The United Nations Office for the Coordination of Humanitarian Affairs has estimated that 1.8 million people have been forced into 1,420 camps within Syria since the start of the country’s civil war, which began 12 years ago this Wednesday.
The AFH found that 92 percent of 263 internally displaced households surveyed in north-western Syria had been made homelessness multiple times since the conflict started, the Guardian reported on Thursday.
Around two-thirds (64 percent) said they had moved between four and seven times, while 23 percent said they had moved eight or more.
The UK charity said that earthquakes in February had exacerbated the crisis, leaving an estimated 98% of Syrians living in camps without safe shelter.
“As a Syrian, the past 12 years have been heartbreaking for me. So many of our people have been killed, injured and lost their homes,” Hani Habbal, a frontline responder in northern Syria managing AFH humanitarian projects, told the Guardian.
He added that the earthquake then “destroyed or damaged their accommodation or made them feel that it was unsafe”.
“Many have lost their homes multiple times. When the war started, people were in places like Damascus, Dara, all across the country, and were displaced when the fighting came to their town or village.
“They fled for their lives to places like Aleppo, like Raqqa, to be displaced once again to places like Idlib, only to be displaced once again when fighting arrived there.
“In some extreme examples, people have had to leave their homes over 20 times. Can you imagine a life where you and your family have been forced to be homeless, in fear of your lives, four, five or six times?

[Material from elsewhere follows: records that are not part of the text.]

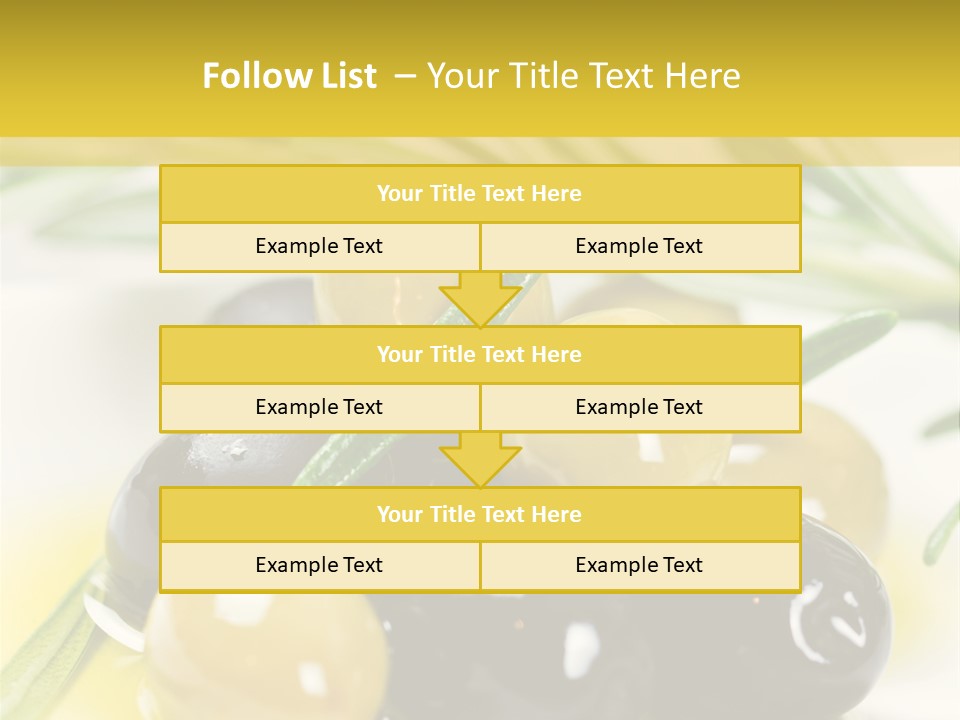 Vorspeise Obst Ern PowerPoint Template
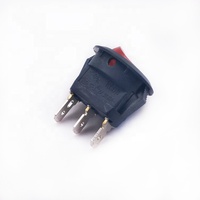 Interrupteur à bascule rond série KCD8 on off 250V 6A max interrupteur noir t85 noir couleur personnalisable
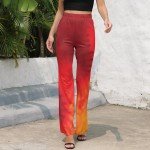 Spiral Tie Dye High Waist Flare Pants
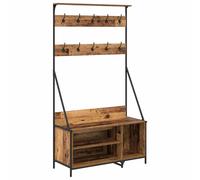 Clothes Rack with Shoe Storage Garment Rack Clothes Shelf Clothes Rail vidaXL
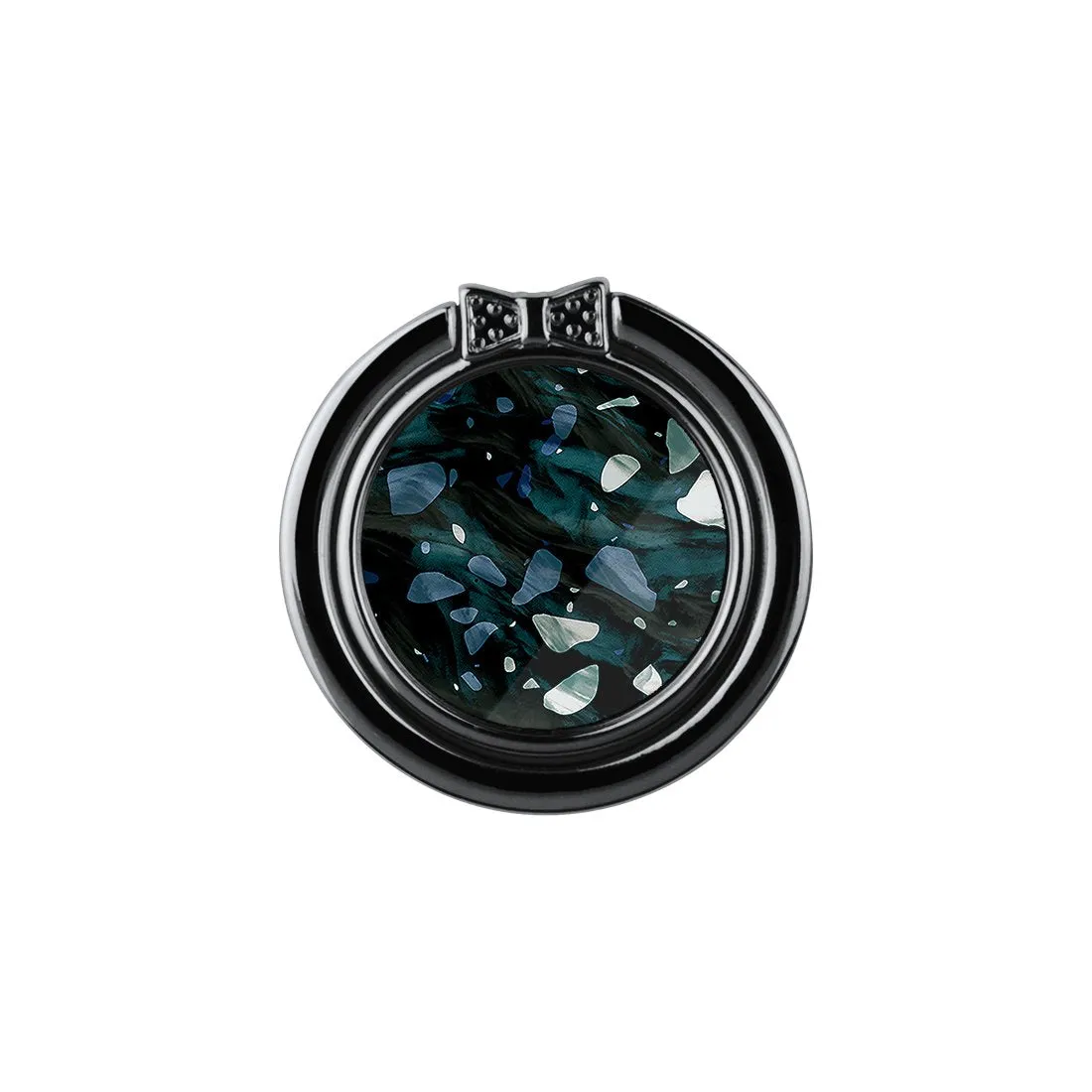 Nordic Terrazzo Gem | Custom Phone Ring Holder  (Non-MagSafe)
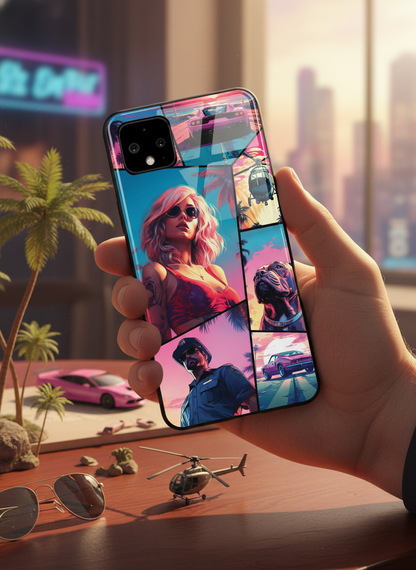 GTA loading Premium Glass Back Cover For Google Pixel 7,8,9,10 Series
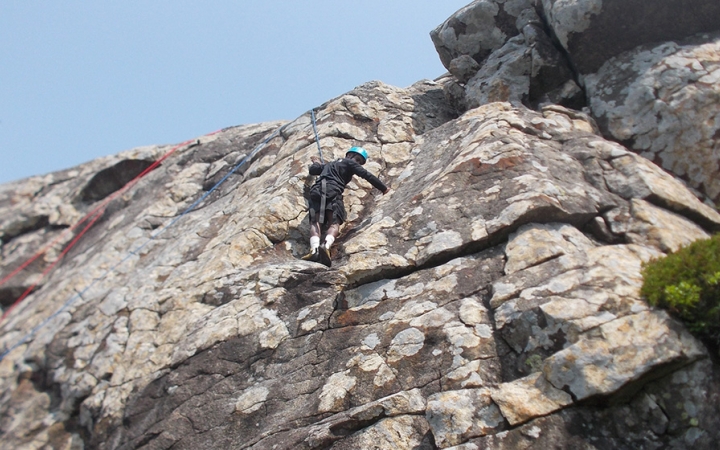 rock climbing gap year program in maine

This is the reality for millions of people in north-west Syria.”
In November, the UN expressed concerns over deadly strikes at several IDP camps.
Meanwhile, the International Rescue Committee CEO David Miliband has criticized the international community’s “loss of attention” to Syria, the Guardian reported.
“Limbo is no lifestyle for millions in the north-west,” Miliband stated
“The earthquake in February was a reminder that a forgotten crisis is not a resolved crisis. It exposed the graphic truth about life for those left stranded by the war: they are at the mercy of events, trapped by circumstance and vulnerable to shocks, ” the IRC chief added.